The materials used are as follows
•	280 wet & dry
•	800 wet & dry
•	1000 grit wet & dry
•	1200 grit wet & dry
•	2500 grit wet & dry (for wet sanding lacquer)
•	3000 grit wet & dry (for wet sanding lacquer) 
•	U-Pol etch primer
•	high build primer(grey)
•	U-Pol high build primer beige
•	Tack cloth's 
•	Custom mixed paint (paint code D 769 TINTER)
•	U-Pol clear lacquer
•	Chemical metal filler
•	Wax & grease remover.
ooh yes one road cone

*Cleaning*
The first step, and absolutely crucial to the process, is to give it a thorough clean. I used a wax & grease remover to give it a clean all over, and a tooth brush to clean in the crevices. 
Again, I cannot emphasize enough how important it is to get this stage right.
*Sanding down & Etch priming*
Next, it was time to sand down the wheel for a good key this was important for the etch primer. I used 400 grade wet and dry paper to do the majority of the work. Then gave it a coat of etch primer before using a small amount of metal filler.








*etch primer 1st coat then rubbed down*








*Filling in any imperfections*
I next used Chemical metal to fill in any imperfections and then used 280 grit paper to make it as smooth as possible. filling in any ding, scratch's kerbed damage etc. Once I was satisfied with the finish the 2nd coat of etch primer was sprayed onto the bare metal, cleaning before each step.

*chemical filler applied then rubbed down.*

*Applying the primer*
. The filler primer is designed to improve adhesion between the etch primer and the final topcoat paint and also helps fill in the imperfections better. I applied one coat of primer. I allowed it to dry, checked for imperfections, before removing these using more wet & dry 800 grit, once happy I then applied another one coat of grey primer again rubbing down before applying two coats of beige primer(reason for the change in color of primer is to help when sanding back down not to strike thru to far on the other coats.








*grey primer 2nd coat*








*beige primer 2nd coat*








*prep finished ready for base coat*

*Appying the silver top coat*
I used a custom mixed silver paint as the top coat, spoke to my brother for the best match. It is imperative that this is applied very thinly, so that it does not run. Although it is tempting to paint large amounts at a time, this will cause a poor appearance, and it's possible that the paint will run. I applied three coats, leaving around 15 to30 minutes between each layer to flash off. There is no need to wet sand the base coat before applying the clear.








*base coat after three coats.*

*Applying the clear top coat*
As the clear coat is going to be the thing exposed to the road and stone chips and also give's the wheel its shine, it's important to get this right.
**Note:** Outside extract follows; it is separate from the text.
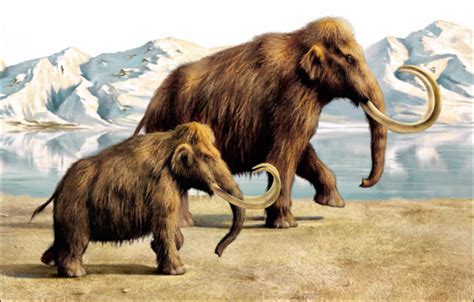 Pistas de ADN muestran como se extinguieron los mamuts – Omega Stereo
This must be applied within 30 mins of the base coat being applied (if not there's a good chance of the clear coat peeling off) I chose to apply five coats of clear, allowing about 15 to 30 minutes between each layer. Again, the coats should be thin so that the lacquer can't run also if its applied to thick or to soon then it won't flash off correctly which can cause air bubbles to be trapped in the clear coat, if this happens then it will have to be rubbed down again & reapply both base coat and clear so be warned take your time and don't apply it to thick.









*Wet sanding*
The reason I gave the wheel five coats of clear was because I wanted to get as near to factory finish as possible, which would mean wet sanding.
Start by using 1200 grit. Lot's of soapy water to keep it nice and slick. I stopping very 6 strokes making sure everything looked ok.
Then using 2500 grit went over everything again, same as before. Once happy with the finish applied cutting compound to bring up the finish
*The final result*
























Its not 100% factory perfect, the resulting finish is not far off, and unless you're looking at the wheel very hard, it looks pretty convincing.
I'm belighted with the finished wheel and the feeling of doing it is bloody great.
Happy for any comments


----------



## alan burnett (Aug 21, 2007)

nice work looks good


----------



## k1rkyc (Oct 20, 2009)

Nice one - I have the same wheels and unfortunately bought the car with 1 alloy scuffed - wanna do mine? lol


----------



## Planet Man (Apr 12, 2008)

Great work:thumb:


----------



## Deeg (Mar 30, 2009)

Great job there, I once tried to refurb a set of my old alloys a while back but it wasn't anywhere near as good a finish as that so i ended up getting it done by a pro.


----------



## dominic32 (Jul 13, 2009)

great job :thumb: i have got to do my wheels


----------



## Phil H (May 14, 2006)

excellent work!


----------



## aiky007 (May 16, 2009)

Thanks for the comments guys:thumb:, the photo's don't do the job/wheel justice:wall: something i'll have to improve on in the future.


----------



## little john (Jun 10, 2007)

Ive done one of these and have 3 more to do the 5th wheel is ok as its new then again one of the others is new but trashed. anyway getting the finish the same as the original is really tough. I think I will do it again when all the others are done and it goes in the boot to be the spare.


----------



## aiky007 (May 16, 2009)

little john said:


> Ive done one of these and have 3 more to do the 5th wheel is ok as its new then again one of the others is new but trashed. anyway getting the finish the same as the original is really tough. I think I will do it again when all the others are done and it goes in the boot to be the spare.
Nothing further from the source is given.